__Exercise details__
For this exercise, write out only the lines of the entries below from the one with "David Shepherd Wildlife Foundation" up to and including the one with "Géranium de l'Himalaya", exactly as they are. Pictures stay out.

__Data listing__

##############################

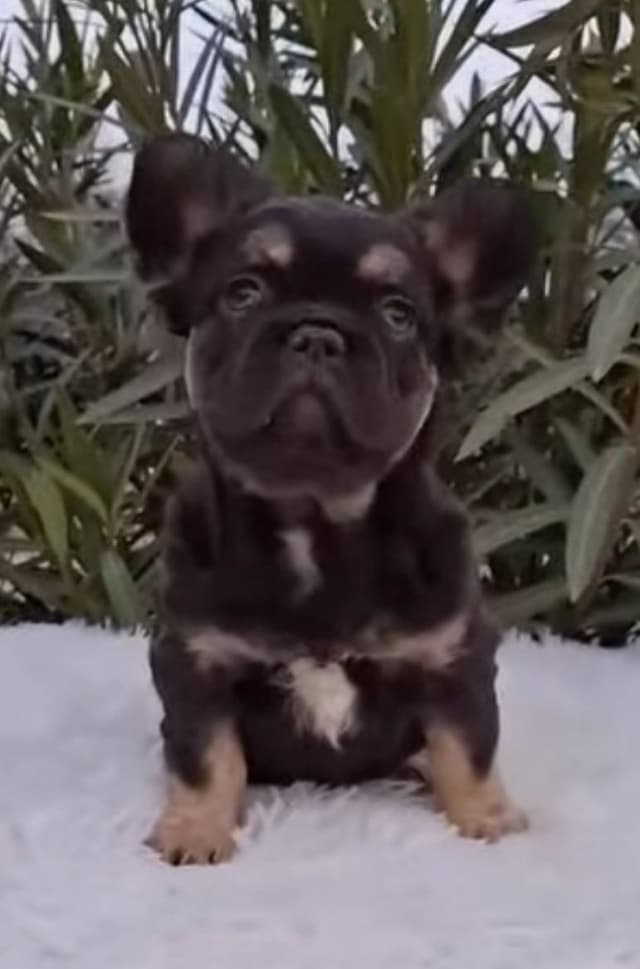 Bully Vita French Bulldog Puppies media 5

##############################

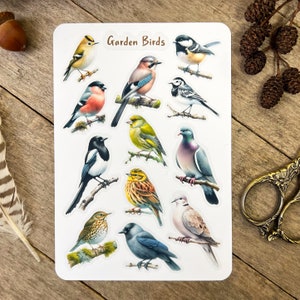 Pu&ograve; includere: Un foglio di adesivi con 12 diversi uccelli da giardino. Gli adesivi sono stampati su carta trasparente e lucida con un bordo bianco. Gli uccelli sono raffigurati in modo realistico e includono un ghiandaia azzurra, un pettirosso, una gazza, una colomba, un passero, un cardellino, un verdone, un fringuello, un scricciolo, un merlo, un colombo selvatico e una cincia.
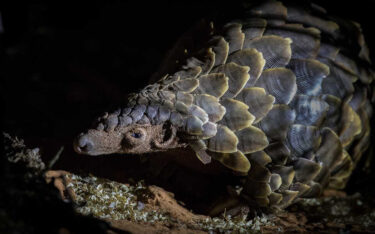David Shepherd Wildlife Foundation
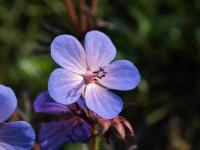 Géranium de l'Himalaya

##############################

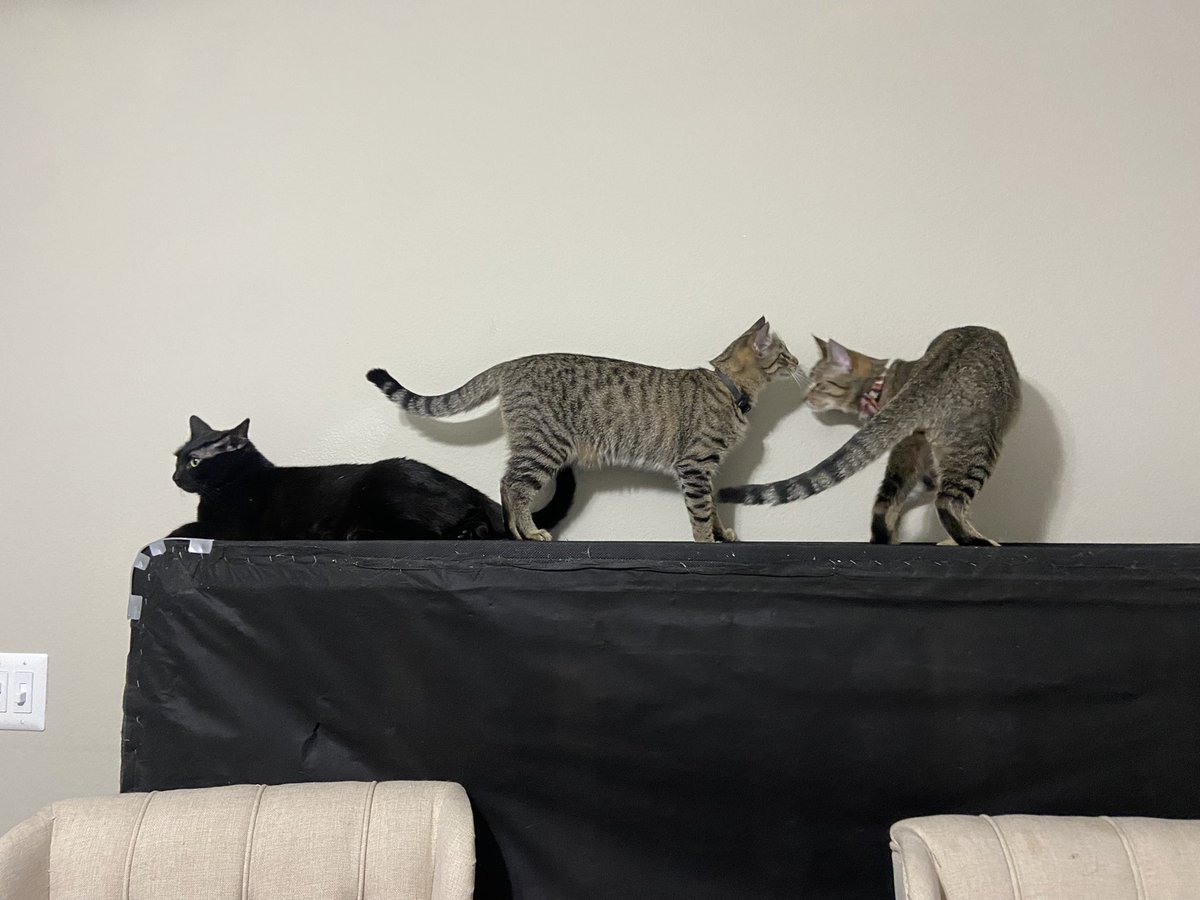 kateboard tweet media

##############################

__Answer__
David Shepherd Wildlife Foundation
 Géranium de l'Himalaya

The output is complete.